AI’s Transformative Role in the Economy
Dan Ives, a prominent analyst at Wedbush, asserts that artificial intelligence (AI) is not merely a trend but represents the “fourth industrial revolution,” fundamentally reshaping industries and labor. With over 25 years in the field and a track record of logging more than 3 million miles visiting data centers and engaging with CEOs and CIOs, Ives emphasizes that genuine demand cannot be captured through spreadsheets. His insights stem from firsthand interactions in the tech landscape, where he notes, “You can’t see demand from a spreadsheet.”
Ives predicts that spending on AI will significantly ramp up, stating, “More money will be spent in the next two years than the last 10 combined.” This sentiment is echoed across the investment community, with ARK Invest’s Cathie Wood remarking that the AI narrative is in its infancy, describing the current phase as the first inning of an expansive game. According to Gartner, global AI expenditure is projected to hit approximately $2 trillion by 2026, a figure that reflects the growing urgency for infrastructure over speculative investment.

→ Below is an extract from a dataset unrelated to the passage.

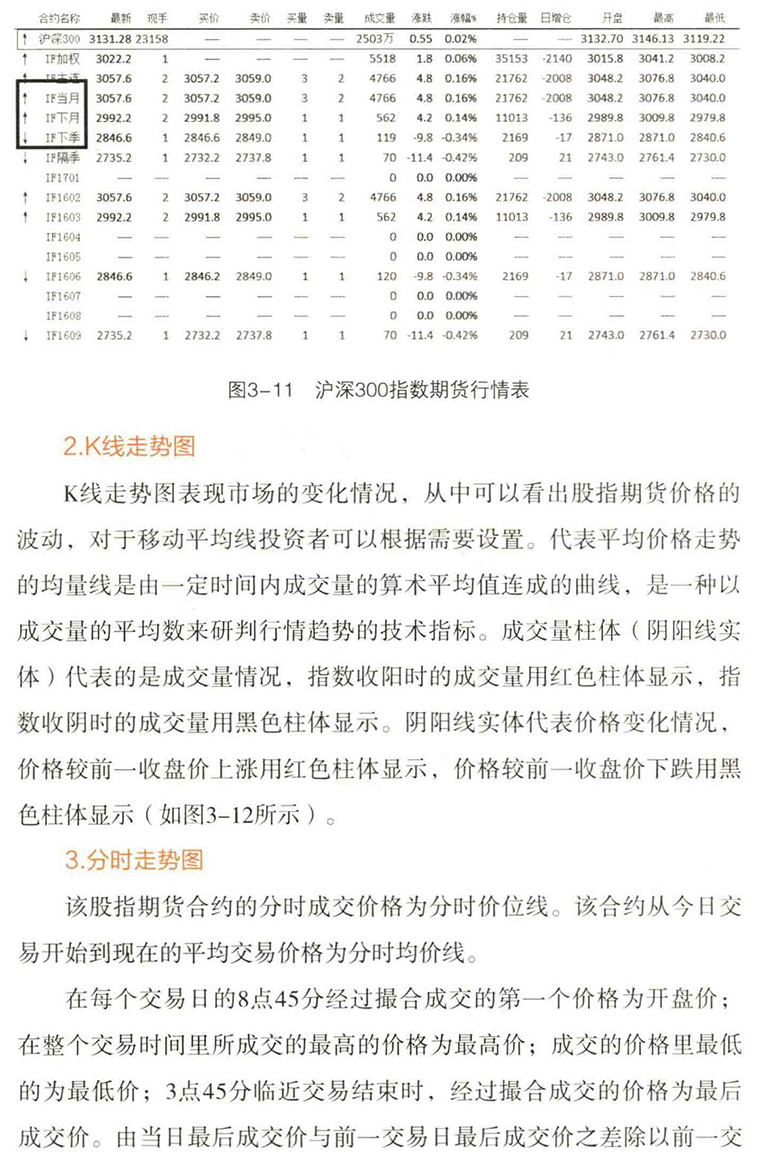最新股指期貨，與自然美景的心靈之旅探索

Distinguishing between the current AI boom and the dot-com bubble, Ives contends that this wave of capital is directed at tangible infrastructure developments, such as cloud migration and semiconductor production, rather than ambiguous promises. “This is a 1996 moment, not 1999,” he states, suggesting that while market sentiment may fluctuate, the foundational trajectory for AI is solid.
Conversely, billionaire investor Michael Burry, known for his role in “The Big Short,” is taking a cautious approach, betting against AI-centric companies like Nvidia and Palantir with investments totaling around $10 million. In contrast, Ives highlights not only the major players in AI like Nvidia, Microsoft, and Google but also the “second-, third-, and fourth-derivative” companies that underpin the industry, particularly in cybersecurity. Firms such as CrowdStrike and Zscaler stand to benefit as AI transforms the landscape of both cyber threats and defenses.
Ives’s views extend beyond the giants of tech. He emphasizes the critical role of cybersecurity, data-center infrastructure, and enterprise software in the burgeoning AI economy. As AI becomes more integrated into businesses, these less visible entities are poised for significant growth, according to Ives. “As AI builds the new economy for enterprises and consumers, first-order beneficiaries like Nvidia, Microsoft, and Palantir are core names in 2026,” he notes, while highlighting the growth potential for firms within the cybersecurity sector.
Looking forward, Ives forecasts that AI-related investment by enterprises and government entities will exceed the cumulative spending of the past decade. The Kobeissi Letter indicates that 63% of recent U.S. economic growth can be traced back to AI-driven expenditures, asserting that “without AI spending, the economy is running FAR weaker than it seems.” This acceleration in AI adoption is further fueled by national initiatives in the U.S. and China, emphasizing the strategic importance of companies like Nvidia and Palantir in government and defense sectors.
Recent developments, including President Trump’s December 8 announcement permitting Nvidia to ship its H200 AI chips to “approved customers” in China, underscore the geopolitical significance of AI hardware. These chips are part of a broader strategy that highlights the dual nature of AI as both an economic tool and a national security asset.
On the cybersecurity front, Wedbush retains an Outperform rating on CrowdStrike Holdings, setting a 12-month price target of $600 against its current trading price of $509.16. CrowdStrike’s innovative security strategies, particularly its use of the Charlotte AI framework, position it as a leader in AI-driven cybersecurity. With an estimated $150 billion in AI-addressable assets, CrowdStrike is increasingly valuable for enterprises seeking to mitigate AI-enabled threats.
Moreover, Ives has noted the evolving landscape for Palantir, once seen as overly reliant on government contracts. Taking a contrarian view, he recognized the company’s strategic pivot and growth potential, culminating in a July 2023 Outperform rating and a price target of $25, significantly higher than its then-trading price of $16.15. Today, Palantir’s shares hover around $180, illustrating the market’s recognition of its evolving capabilities. Ives described Palantir as the “Messi of AI,” likening its potential to the legendary soccer player’s exceptional talent.
As the AI landscape continues to evolve, Ives’s insights underscore the importance of both established and emerging players in reshaping the economic fabric. The ongoing investments in AI infrastructure and technology promise to redefine industries and drive substantial growth, setting the stage for a new economic paradigm.